1. Image Acquisition
This is the first fundamental steps in digital image processing. Image acquisition could be as simple as being given an image that is already in digital form. Generally, the image acquisition stage involves pre-processing, such as scaling etc.
2. Image Enhancement
Image enhancement is among the simplest and most appealing areas of digital image processing. Basically, the idea behind enhancement techniques is to bring out detail that is obscured, or simply to highlight certain features of interest in an image. Such as, changing brightness & contrast etc.
3. Image Restoration
Image restoration is an area that also deals with improving the appearance of an image. However, unlike enhancement, which is subjective, image restoration is objective, in the sense that restoration techniques tend to be based on mathematical or probabilistic models of image degradation.
4. Color Image Processing
Color image processing is an area that has been gaining its importance because of the significant increase in the use of digital images over the Internet. This may include color modeling and processing in a digital domain etc.

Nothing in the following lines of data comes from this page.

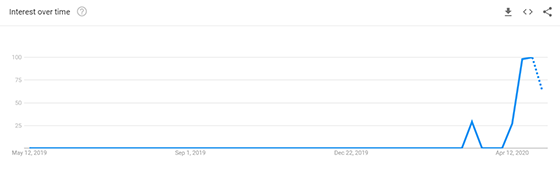 Chart showing search trends on Google for the term "elective surgery open" over the past year, with an increase in March and April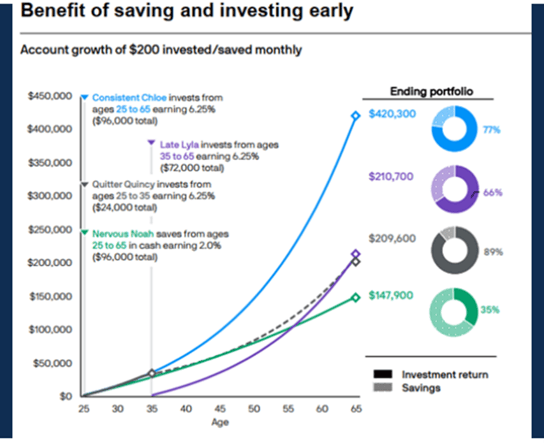 compound interest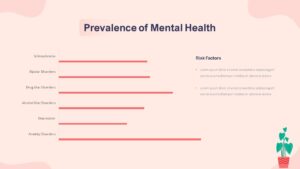 Free Mental Health PowerPoint Template13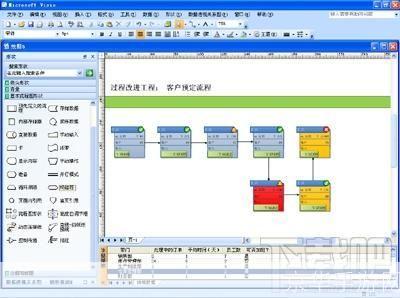 visio 2003 简体中文版怎么安装: Visio 2003简体中文版的安装步骤详解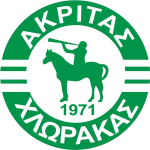 Στοίχημα Cyprus League 16η αγωνιστική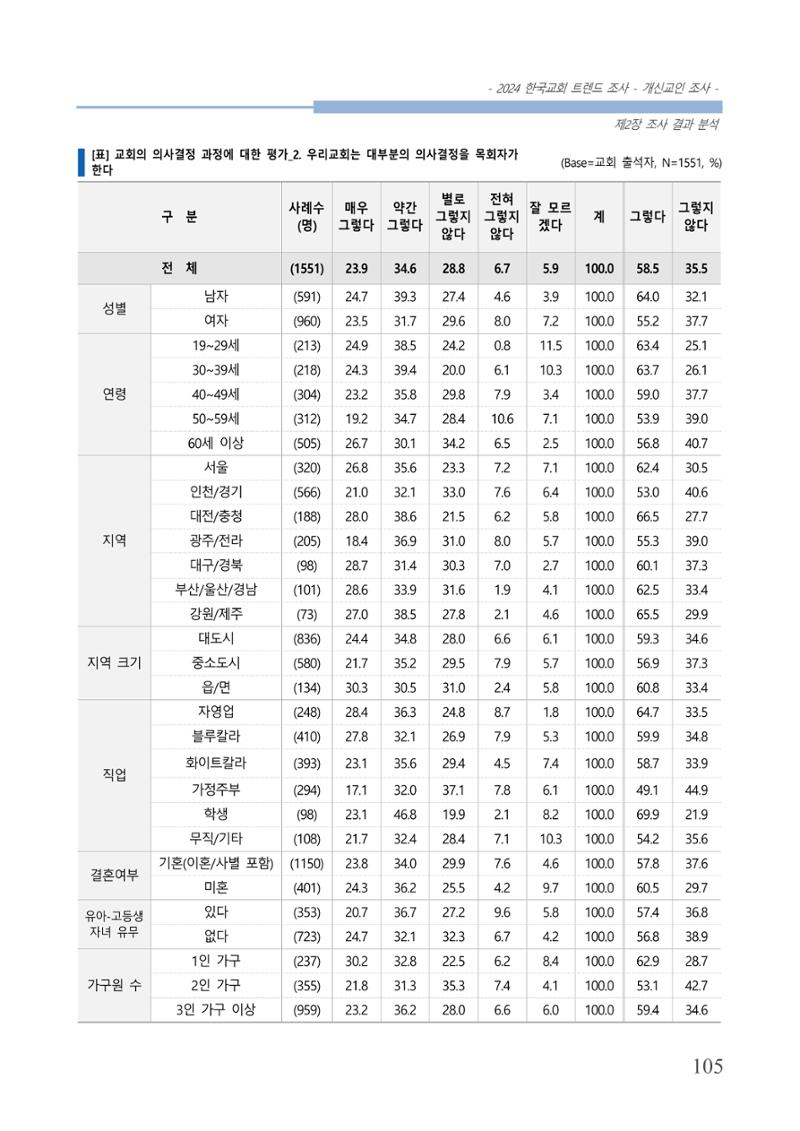 교회트랜드2024(1) 110페이지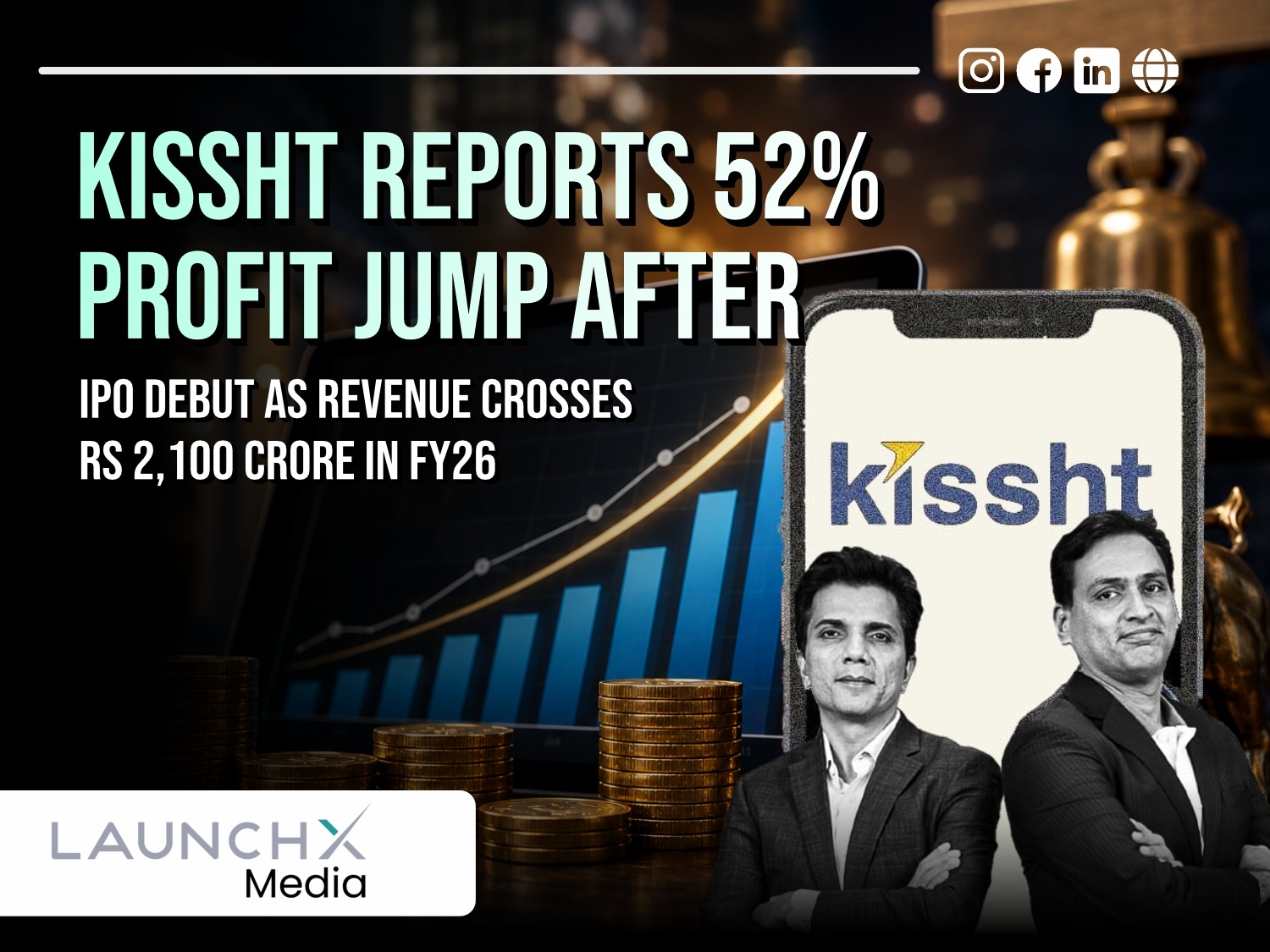 Kissht Profit Surges 52% After IPO Debut as FY26 Revenue Crosses Rs 2100 Crore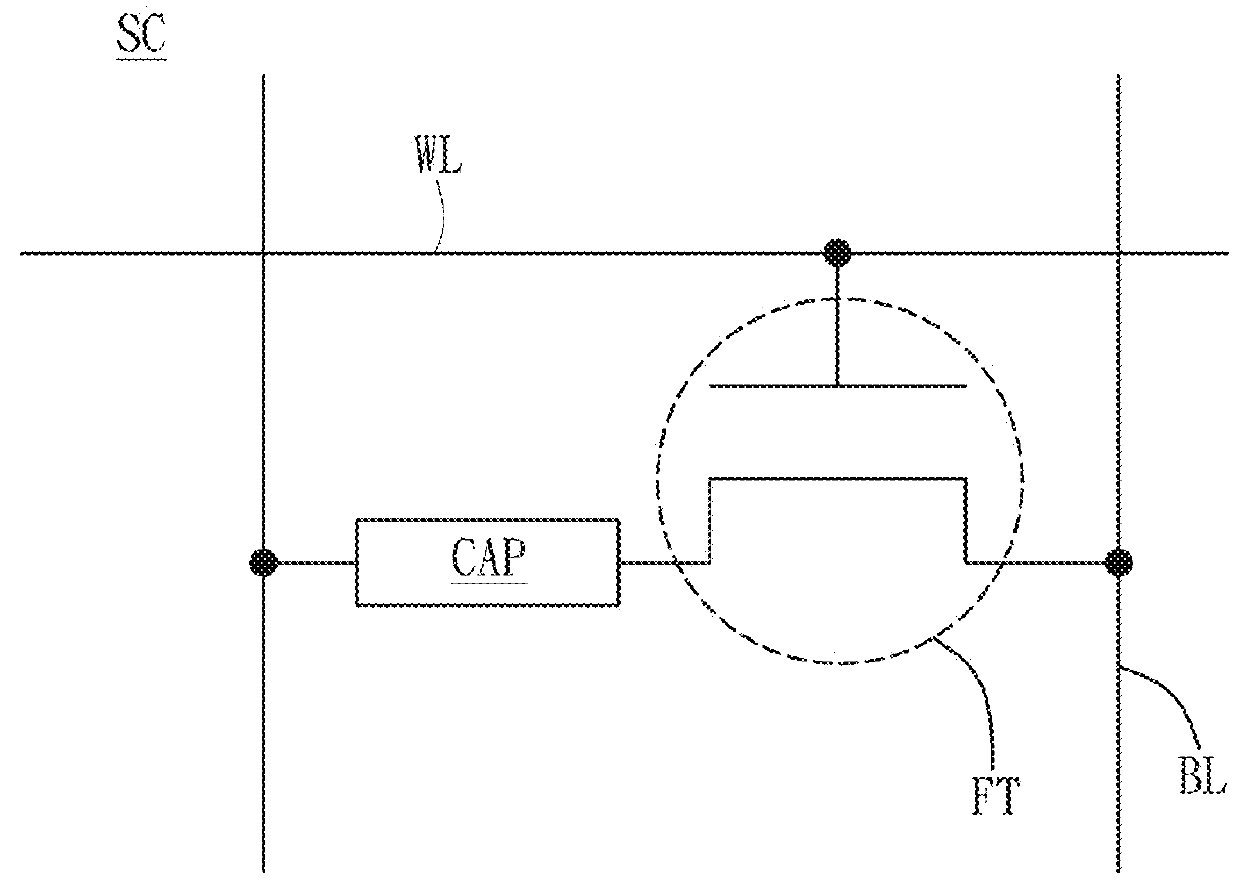 Strained-gate Engineered Dynamic Random Access Memory Including Ferroelectric Negative Capacitance Dielectrics And Manufacturing Method Thereof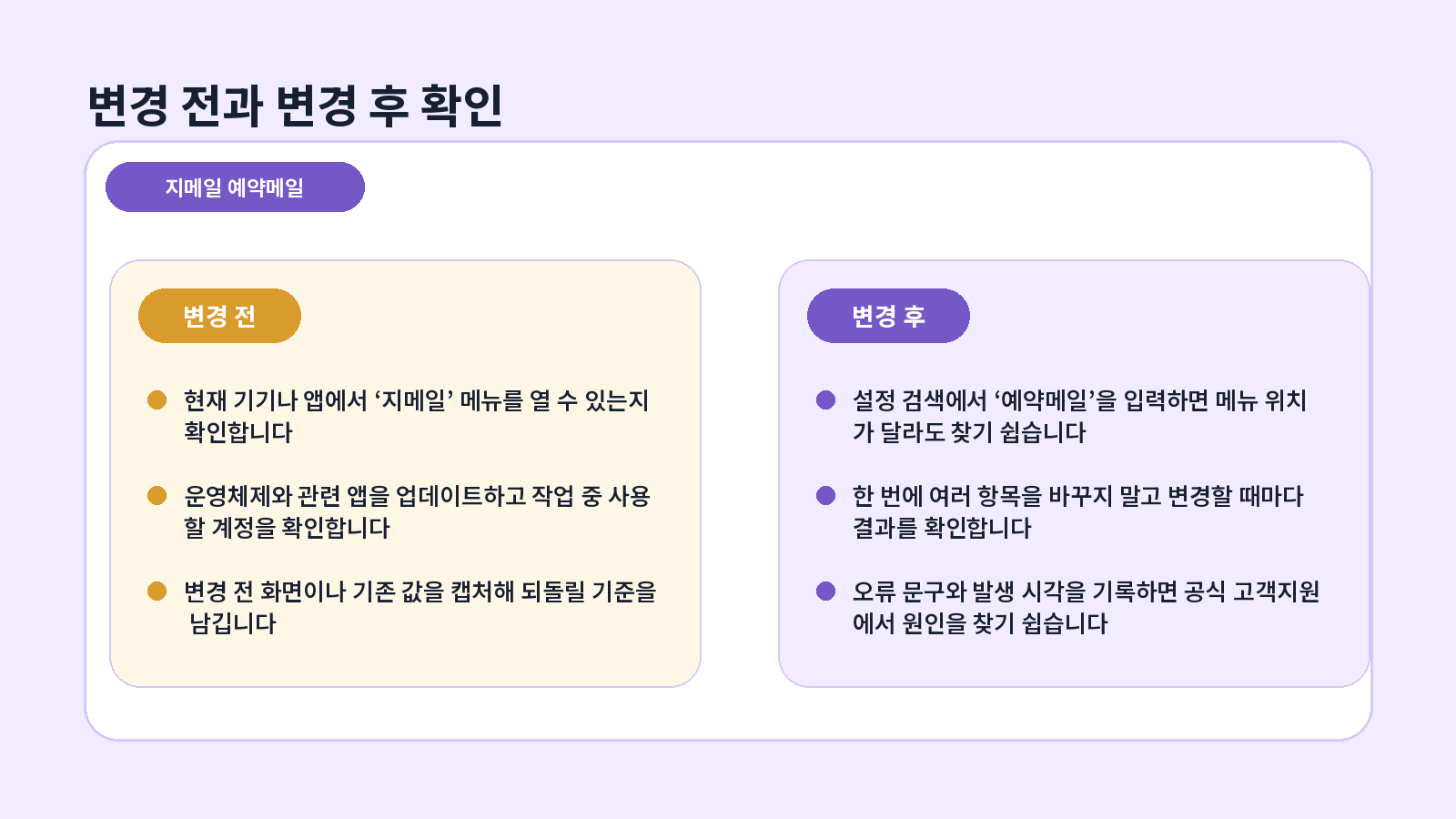 Gmail 예약메일 완료 후 점검표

5. Wavelets and Multi-Resolution Processing
Wavelets are the foundation for representing images in various degrees of resolution. Images subdivision successively into smaller regions for data compression and for pyramidal representation.
Compression deals with techniques for reducing the storage required to save an image or the bandwidth to transmit it. Particularly in the uses of internet it is very much necessary to compress data.
7. Morphological Processing
Morphological processing deals with tools for extracting image components that are useful in the representation and description of shape.
Segmentation procedures partition an image into its constituent parts or objects. In general, autonomous segmentation is one of the most difficult tasks in digital image processing. A rugged segmentation procedure brings the process a long way toward successful solution of imaging problems that require objects to be identified individually.
9. Representation and Description
Representation and description almost always follow the output of a segmentation stage, which usually is raw pixel data, constituting either the boundary of a region or all the points in the region itself. Choosing a representation is only part of the solution for transforming raw data into a form suitable for subsequent computer processing. Description deals with extracting attributes that result in some quantitative information of interest or are basic for differentiating one class of objects from another.
10. Object recognition
Recognition is the process that assigns a label, such as, “vehicle” to an object based on its descriptors.
11. Knowledge Base
Knowledge may be as simple as detailing regions of an image where the information of interest is known to be located, thus limiting the search that has to be conducted in seeking that information. The knowledge base also can be quite complex, such as an interrelated list of all major possible defects in a materials inspection problem or an image database containing high-resolution satellite images of a region in connection with change-detection applications.